Referring to the country’s demographic decline, she has made the dramatic claim that Italy could soon “disappear”. The implication is that Meloni’s economic nationalism, where Italian-owned companies and Italian workers will be protected at the expense of everybody else, can reverse that trend. Showing parallels with Trumpian thinking, Meloni mixes extreme protectionism with a free-market discourse favouring tax cuts and an economy allegedly run on merit, unlike the “corrupt” system of the left.

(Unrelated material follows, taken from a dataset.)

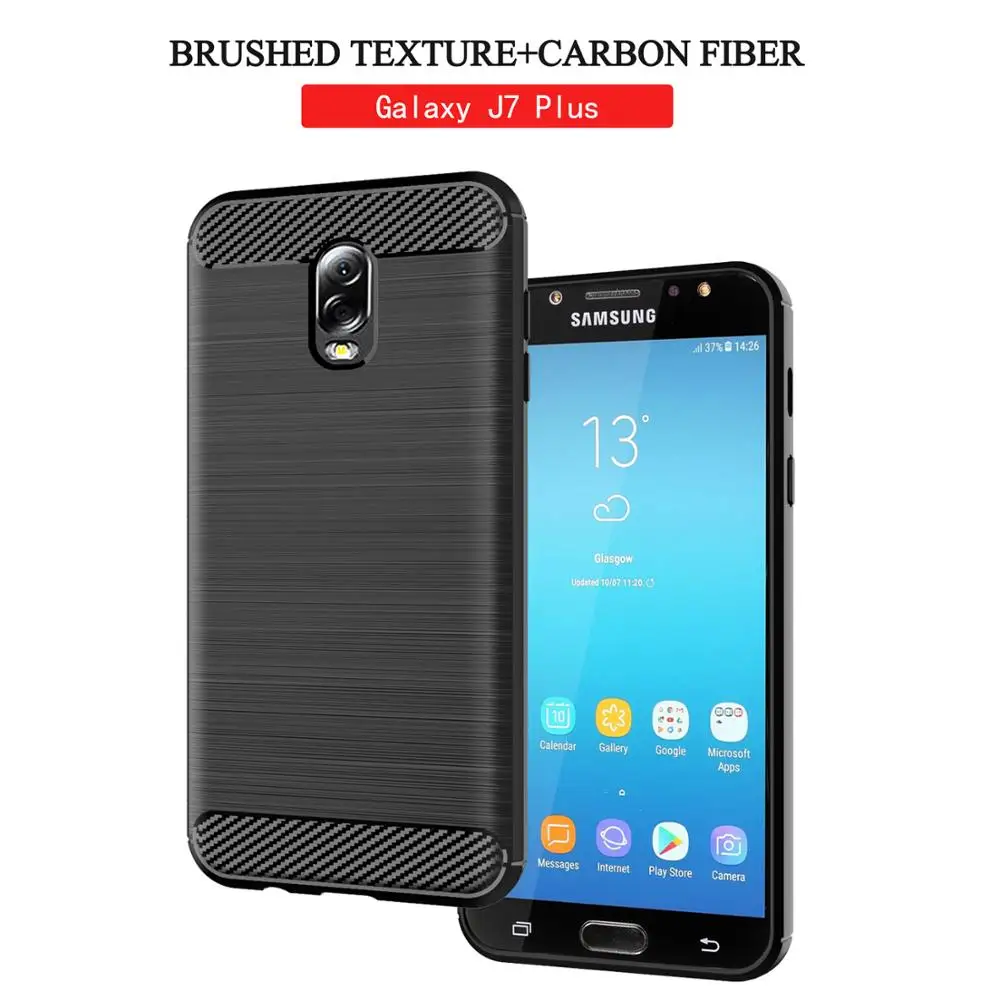 Ultra Thin Cases For samsung Galaxy J8 2018 Duo max Carbon Fiber Cover J7 2017 perx plus pro star top V 2nd gen |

Meloni’s speeches provide Italians with a range of scapegoats for the country’s ills. This could lead to an explosive situation if, in the next few months, people’s frustrations and social tensions increase, as economic circumstances worsen because of the intensifying energy crisis. Intimidation and violence against migrants, refugees, people of colour and sexual minorities could rise, in an already deteriorating environment marred by the culture wars of populist propaganda that brought the post-ideological Five Star Movement and the far-right League into power in 2018.

Are we also likely to witness a more systematic attack on democratic institutions and constitutional rights? Meloni’s victory needs to be understood within a broader systemic transformation that has been going on for more than a decade: Most parties across the political spectrum, from left to right, have adopted populist rhetoric and tactics.

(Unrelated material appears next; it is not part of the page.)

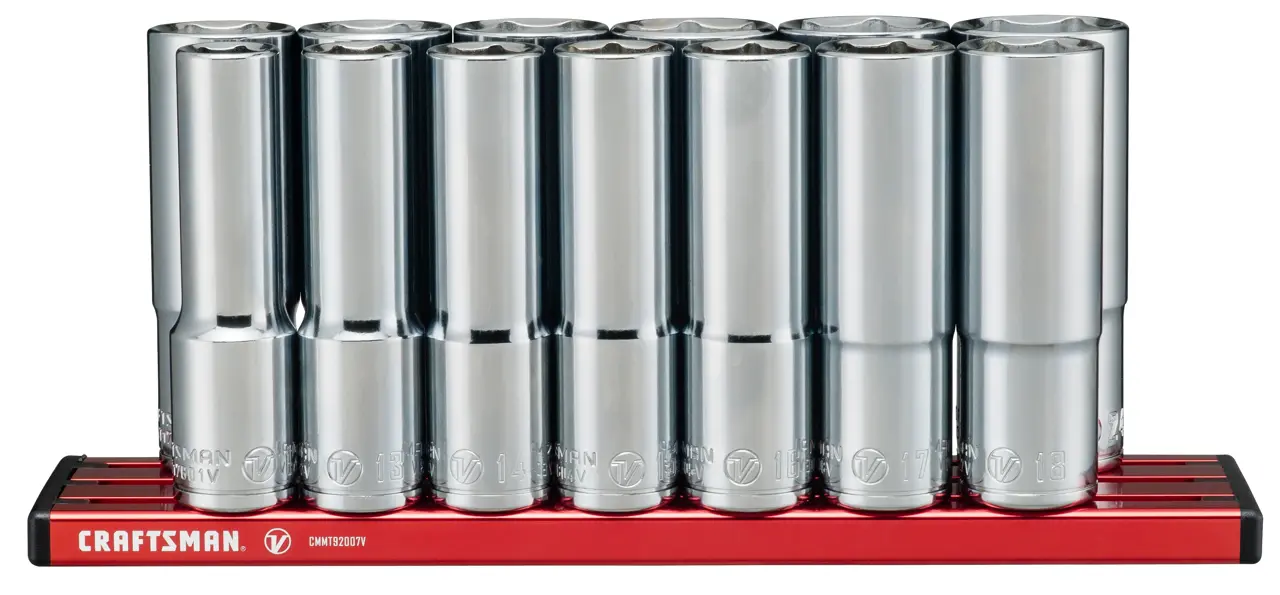 V-Series™ 1/2 in. Drive, Metric Deep 6-Point Socket Set (13 pc.)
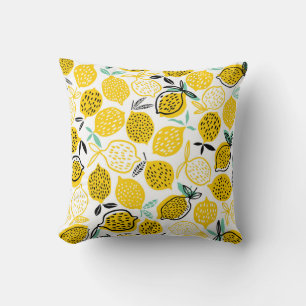 Coussin Citron Design été Illustration Vintage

In this context, many on the progressive front are willing to downplay or simply be quiet about the dangers of rampant anti-migrant nationalism and increasing bigotry against LGBTQ+ rights, to appease the “people’s will”.

The Five Star Movement managed to stanch the dramatic fall in its popularity in recent months by returning to its populist origins, withdrawing support for Draghi’s government, and reneging on its previous alliance with the Democrats. It is now trying to reposition itself as a viable populist progressive force that could effectively replace the Democrats as the standard bearers of the left. Indeed, many leftist intellectuals and politicians have welcomed this move and endorsed it.

The centrist, liberal formation Action betrayed its previous electoral deal with the Democrats, joined forces with former Democrat Matteo Renzi’s Italy Alive, and campaigned on the populist message that left and right are political categories of the past.

On the right, former Prime Minister Silvio Berlusconi’s party Forza Italia has been branding itself as the “centre” that can keep in check the trademark populism of Meloni and the League’s leader, Matteo Salvini. However, the differences between the three of them are increasingly getting thinner – not to mention that Berlusconi is considered by many to have been among Italy’s first populist leaders.

Meloni ran her campaign facing little opposition, except for the Democratic Party and its allies on the centre left. The other parties on the left and the centre have been more concerned with marking their distance from the Democrats than standing against the right-wing coalition that she leads, which includes Berlusconi and Salvini.

Nor has there been any mass mobilisation on the streets against her imminent rule. The few protesters who have stood up against Meloni have been heavily criticised by her.

Whether you want to label Meloni a fascist or not, there is a real danger that her government might make things significantly worse for some of Italy’s most vulnerable communities as well as for progressive activists and politicians who are unwilling to compromise on their values for electoral gain.

Sadly, many of the same media organisations and institutions that have expressed concerns about the implications of her win for market stability and Italy’s relationship with the EU, seem to be less preoccupied with what should matter more: these existential threats to democracy and human rights.

The views expressed in this article are the author’s own and do not necessarily reflect Al Jazeera’s editorial stance.